Recently it was found out that YSR colony, in Vijayawada, which houses more than 100 Gujarati families do not send girls to school, The Hindu reported.
The families belong from different districts in Gujarat and have settled in the state of Andhra Pradesh for quite a long time. These 100 families were shifted to the government constructed YSR colony a few years back. Previous to that, around 300 families were dwelling in the colony.
The government officials overseeing the colony said that the parents only sent boys to the schools. The girls are made to do domestic work and stitching after they turn 10. It was found that even the number of school dropouts among boys were high.
In the colony, there is a high school, an elementary school, and an NCLP School (Special Training Centre). A school staff requesting anonymity told The Hindu that despite having schools in the area, parents do not send their adolescent daughters to the high schools.
The Gujarati families who earn their livelihood by selling clothes admit their children in primary sections. However, once a girl reaches higher classes, they are taken out from the school, said a school teacher from the area.
D. Anjaneya Reddy, Project Director of National Child Labour Project, said the girls who are in classes three, four, and five are enrolled in the NCLP school in the colony.
Mr Reddy further pointed out that due to tradition in their families and a growing crime rate against women, the girl students are prevented from sending their daughters to the schools.

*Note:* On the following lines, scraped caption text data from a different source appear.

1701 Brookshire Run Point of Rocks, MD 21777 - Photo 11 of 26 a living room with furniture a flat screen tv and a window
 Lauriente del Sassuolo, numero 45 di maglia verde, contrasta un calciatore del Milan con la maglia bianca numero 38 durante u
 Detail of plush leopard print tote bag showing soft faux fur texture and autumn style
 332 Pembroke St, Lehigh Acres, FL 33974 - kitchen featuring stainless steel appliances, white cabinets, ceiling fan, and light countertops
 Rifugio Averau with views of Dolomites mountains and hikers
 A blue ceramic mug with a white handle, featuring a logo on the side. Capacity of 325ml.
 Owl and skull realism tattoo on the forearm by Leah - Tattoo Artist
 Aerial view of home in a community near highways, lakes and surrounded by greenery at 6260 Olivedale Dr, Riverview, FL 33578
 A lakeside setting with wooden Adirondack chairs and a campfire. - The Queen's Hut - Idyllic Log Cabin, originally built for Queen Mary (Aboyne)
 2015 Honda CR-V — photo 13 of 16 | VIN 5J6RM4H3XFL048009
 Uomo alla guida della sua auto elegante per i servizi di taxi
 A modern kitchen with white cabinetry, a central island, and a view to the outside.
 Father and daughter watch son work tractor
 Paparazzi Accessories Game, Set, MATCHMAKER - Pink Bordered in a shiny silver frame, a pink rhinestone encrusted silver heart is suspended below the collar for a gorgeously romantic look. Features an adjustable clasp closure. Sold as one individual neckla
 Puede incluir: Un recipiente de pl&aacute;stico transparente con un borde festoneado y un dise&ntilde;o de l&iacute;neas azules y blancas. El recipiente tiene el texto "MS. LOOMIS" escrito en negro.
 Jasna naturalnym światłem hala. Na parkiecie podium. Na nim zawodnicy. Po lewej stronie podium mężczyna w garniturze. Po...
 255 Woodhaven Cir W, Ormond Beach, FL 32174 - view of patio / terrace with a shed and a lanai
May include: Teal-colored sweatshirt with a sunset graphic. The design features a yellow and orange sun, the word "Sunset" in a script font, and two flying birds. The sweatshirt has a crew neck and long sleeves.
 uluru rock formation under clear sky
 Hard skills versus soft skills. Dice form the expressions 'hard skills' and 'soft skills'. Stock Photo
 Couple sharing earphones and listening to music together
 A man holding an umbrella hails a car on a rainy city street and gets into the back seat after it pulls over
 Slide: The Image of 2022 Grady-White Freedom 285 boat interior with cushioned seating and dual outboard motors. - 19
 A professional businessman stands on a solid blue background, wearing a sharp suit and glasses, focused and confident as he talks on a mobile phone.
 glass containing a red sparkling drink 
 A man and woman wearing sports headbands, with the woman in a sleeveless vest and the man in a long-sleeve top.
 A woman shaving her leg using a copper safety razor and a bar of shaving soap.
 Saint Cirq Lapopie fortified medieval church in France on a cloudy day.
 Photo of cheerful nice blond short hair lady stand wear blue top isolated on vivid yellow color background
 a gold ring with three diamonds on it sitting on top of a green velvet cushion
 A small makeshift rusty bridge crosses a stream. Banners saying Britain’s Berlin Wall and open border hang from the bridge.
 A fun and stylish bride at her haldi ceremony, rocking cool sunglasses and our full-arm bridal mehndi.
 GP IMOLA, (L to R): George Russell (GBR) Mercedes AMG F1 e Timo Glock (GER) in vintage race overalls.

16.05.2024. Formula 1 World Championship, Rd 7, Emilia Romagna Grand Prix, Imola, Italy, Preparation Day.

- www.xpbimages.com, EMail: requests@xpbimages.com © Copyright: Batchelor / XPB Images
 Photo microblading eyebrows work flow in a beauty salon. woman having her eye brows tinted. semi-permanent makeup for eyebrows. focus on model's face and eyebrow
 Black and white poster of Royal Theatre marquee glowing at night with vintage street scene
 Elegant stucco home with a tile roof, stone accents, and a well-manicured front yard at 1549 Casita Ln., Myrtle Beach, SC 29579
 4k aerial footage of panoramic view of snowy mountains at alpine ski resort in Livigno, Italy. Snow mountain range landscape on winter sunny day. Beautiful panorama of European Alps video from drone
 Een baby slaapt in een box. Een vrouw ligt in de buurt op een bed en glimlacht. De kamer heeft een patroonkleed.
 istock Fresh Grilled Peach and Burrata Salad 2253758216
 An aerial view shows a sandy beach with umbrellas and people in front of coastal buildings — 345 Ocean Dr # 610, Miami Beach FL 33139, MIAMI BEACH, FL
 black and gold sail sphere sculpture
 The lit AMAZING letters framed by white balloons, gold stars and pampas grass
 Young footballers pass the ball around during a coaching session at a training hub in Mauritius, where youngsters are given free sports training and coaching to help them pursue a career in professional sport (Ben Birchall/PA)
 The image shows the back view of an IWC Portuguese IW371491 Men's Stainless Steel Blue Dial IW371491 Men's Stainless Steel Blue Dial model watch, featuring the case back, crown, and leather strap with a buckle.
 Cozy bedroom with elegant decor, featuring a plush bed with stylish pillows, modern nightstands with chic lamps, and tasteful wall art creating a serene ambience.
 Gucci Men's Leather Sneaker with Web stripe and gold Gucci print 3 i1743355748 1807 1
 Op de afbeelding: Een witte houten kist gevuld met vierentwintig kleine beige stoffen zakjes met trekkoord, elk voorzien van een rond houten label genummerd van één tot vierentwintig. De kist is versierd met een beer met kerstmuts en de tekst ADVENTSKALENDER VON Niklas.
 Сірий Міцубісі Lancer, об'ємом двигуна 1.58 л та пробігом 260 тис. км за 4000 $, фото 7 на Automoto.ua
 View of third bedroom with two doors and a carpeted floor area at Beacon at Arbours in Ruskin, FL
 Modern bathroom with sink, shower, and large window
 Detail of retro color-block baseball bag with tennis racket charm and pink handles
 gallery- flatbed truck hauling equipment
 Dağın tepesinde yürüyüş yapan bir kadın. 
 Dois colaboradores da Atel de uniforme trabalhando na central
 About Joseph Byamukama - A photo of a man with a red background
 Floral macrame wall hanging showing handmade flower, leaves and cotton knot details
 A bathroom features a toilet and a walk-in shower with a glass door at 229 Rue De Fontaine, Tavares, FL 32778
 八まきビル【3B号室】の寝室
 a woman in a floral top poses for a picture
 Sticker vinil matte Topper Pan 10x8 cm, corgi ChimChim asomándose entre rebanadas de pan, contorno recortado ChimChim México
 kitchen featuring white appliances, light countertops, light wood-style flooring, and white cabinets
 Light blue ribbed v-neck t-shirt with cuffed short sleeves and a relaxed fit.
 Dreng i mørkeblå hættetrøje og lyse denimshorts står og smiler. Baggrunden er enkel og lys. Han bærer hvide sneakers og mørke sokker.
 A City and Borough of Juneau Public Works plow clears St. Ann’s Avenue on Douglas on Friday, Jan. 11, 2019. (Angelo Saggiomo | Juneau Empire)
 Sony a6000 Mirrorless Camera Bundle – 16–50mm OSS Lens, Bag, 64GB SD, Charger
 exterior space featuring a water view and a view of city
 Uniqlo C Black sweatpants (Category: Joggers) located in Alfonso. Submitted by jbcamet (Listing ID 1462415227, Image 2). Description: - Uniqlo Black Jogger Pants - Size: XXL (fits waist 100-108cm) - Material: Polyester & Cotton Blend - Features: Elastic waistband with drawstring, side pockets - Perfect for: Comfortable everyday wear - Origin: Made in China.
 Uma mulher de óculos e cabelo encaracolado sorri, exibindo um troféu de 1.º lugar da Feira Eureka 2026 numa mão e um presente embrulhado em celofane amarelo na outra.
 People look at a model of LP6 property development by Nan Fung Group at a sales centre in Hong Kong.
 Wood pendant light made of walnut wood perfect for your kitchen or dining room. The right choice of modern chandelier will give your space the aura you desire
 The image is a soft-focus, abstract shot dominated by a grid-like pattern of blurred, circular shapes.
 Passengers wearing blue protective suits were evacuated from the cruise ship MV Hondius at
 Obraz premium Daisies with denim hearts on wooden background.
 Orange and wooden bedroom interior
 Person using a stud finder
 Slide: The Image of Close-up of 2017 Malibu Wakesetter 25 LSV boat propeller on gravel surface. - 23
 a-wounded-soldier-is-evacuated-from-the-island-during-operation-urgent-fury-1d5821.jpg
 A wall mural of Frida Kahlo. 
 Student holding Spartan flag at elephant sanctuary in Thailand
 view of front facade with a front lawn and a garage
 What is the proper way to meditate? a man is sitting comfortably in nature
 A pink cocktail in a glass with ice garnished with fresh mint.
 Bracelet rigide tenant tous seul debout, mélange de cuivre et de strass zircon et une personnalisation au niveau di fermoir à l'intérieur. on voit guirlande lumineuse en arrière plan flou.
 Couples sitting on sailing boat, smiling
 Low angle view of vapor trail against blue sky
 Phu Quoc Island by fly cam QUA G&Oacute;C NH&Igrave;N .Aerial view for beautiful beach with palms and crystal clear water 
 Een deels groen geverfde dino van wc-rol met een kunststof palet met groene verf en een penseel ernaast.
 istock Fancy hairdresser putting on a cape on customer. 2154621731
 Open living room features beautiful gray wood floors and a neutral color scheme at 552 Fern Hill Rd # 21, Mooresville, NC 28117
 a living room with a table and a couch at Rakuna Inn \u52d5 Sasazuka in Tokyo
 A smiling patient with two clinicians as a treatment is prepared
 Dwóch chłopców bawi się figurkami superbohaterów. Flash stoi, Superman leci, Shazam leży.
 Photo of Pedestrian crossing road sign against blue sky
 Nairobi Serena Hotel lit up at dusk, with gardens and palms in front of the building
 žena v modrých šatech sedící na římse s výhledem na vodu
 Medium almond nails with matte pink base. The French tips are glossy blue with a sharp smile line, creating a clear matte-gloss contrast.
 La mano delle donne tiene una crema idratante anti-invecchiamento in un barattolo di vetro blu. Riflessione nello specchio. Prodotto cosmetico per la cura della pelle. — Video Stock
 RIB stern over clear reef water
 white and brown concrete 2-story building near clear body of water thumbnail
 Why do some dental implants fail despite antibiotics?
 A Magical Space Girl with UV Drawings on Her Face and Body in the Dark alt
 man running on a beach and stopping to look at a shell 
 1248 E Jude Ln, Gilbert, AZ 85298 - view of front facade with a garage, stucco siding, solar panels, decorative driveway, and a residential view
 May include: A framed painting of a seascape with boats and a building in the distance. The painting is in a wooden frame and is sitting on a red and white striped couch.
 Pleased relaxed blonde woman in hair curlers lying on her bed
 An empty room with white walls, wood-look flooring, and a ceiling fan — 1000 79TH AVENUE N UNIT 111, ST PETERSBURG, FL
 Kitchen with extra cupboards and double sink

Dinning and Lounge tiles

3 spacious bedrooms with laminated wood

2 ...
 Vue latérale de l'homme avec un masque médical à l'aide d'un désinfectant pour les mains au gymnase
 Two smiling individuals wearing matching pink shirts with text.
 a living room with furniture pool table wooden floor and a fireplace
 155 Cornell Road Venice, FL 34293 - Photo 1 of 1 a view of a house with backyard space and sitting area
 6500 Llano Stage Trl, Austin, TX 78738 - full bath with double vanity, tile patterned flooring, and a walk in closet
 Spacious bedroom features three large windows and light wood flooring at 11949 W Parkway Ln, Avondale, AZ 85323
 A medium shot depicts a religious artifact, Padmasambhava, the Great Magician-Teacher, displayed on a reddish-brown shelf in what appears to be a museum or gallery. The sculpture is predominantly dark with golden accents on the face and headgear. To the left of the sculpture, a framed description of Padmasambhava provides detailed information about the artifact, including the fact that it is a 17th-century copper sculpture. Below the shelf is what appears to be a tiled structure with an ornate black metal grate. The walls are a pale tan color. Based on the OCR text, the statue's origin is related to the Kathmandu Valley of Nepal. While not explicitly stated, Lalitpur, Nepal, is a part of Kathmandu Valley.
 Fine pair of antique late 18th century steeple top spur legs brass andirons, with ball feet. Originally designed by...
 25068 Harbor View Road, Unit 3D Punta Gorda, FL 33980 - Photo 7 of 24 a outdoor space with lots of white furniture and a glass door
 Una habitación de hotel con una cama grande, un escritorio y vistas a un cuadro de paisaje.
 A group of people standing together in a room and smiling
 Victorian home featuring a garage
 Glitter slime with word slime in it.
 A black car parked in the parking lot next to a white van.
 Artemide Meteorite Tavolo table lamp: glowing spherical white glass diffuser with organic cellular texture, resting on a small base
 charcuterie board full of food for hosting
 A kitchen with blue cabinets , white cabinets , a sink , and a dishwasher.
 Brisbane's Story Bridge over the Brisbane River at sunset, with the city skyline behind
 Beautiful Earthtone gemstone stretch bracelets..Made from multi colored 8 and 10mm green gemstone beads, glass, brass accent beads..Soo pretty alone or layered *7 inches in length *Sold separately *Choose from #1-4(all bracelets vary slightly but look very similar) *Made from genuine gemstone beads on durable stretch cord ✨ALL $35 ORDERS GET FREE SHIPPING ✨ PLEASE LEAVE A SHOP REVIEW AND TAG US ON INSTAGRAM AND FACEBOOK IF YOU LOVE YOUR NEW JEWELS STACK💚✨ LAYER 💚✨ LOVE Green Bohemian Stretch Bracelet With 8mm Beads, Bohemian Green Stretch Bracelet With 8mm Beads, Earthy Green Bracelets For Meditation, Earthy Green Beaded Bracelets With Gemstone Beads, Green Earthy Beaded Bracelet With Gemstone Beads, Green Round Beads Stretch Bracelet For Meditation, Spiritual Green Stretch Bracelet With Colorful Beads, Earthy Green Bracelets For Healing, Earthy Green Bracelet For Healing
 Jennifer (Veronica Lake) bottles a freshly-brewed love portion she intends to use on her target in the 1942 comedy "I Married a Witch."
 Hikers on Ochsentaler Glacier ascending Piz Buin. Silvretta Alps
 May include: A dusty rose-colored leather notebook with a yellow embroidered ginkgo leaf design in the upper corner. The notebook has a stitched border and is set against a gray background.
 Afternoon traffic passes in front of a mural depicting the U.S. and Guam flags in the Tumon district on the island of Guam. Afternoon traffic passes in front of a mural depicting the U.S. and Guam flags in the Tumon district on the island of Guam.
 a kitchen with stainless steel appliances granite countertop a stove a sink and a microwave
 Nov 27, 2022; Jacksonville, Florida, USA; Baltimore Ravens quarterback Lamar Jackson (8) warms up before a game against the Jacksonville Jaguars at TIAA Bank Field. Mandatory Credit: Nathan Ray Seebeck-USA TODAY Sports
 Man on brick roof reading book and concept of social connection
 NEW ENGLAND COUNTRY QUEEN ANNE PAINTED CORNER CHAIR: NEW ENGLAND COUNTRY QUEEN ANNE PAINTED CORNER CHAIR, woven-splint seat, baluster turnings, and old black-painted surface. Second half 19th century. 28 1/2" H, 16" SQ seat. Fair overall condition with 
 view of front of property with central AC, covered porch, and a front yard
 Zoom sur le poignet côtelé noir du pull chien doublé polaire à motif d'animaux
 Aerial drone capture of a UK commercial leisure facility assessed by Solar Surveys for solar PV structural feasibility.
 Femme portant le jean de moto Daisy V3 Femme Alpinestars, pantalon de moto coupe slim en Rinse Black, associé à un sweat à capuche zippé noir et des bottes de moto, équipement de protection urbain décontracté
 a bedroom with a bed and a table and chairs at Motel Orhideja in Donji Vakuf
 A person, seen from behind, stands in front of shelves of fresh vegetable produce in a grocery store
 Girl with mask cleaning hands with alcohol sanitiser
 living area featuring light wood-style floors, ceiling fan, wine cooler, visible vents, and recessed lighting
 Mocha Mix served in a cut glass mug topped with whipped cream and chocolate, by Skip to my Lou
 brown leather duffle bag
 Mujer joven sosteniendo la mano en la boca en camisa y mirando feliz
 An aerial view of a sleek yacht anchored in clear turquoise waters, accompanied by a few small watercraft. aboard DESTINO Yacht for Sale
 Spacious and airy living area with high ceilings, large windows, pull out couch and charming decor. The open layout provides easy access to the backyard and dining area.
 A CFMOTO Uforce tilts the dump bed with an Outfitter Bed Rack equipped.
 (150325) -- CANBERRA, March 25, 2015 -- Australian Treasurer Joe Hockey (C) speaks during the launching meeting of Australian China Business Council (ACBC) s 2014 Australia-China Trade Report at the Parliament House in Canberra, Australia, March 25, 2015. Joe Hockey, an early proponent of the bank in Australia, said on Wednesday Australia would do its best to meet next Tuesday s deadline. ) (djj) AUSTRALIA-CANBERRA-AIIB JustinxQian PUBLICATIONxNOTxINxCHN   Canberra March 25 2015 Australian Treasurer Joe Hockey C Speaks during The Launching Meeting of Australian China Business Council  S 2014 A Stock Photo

He also added that increasing cases of romantic affairs among youngsters made these parents reluctant to send their girls to schools.
The NCLP staffs are knocking every door in the colony to spread the importance of education.
One of the family members Bhanu (name changed) told The Hindu that they purchase used clothes, wash them, and then restitch them before selling them. He said women in the families provide a helping hand to the male members in the process. An NGO member has said that elders in the families do not encourage education among girl child, which results in child marriages.
One of the girl from the colony said that she and her sister used to go to school together. However, after her sister passed the fifth class last year, her parents withdrew her admission from the school as well.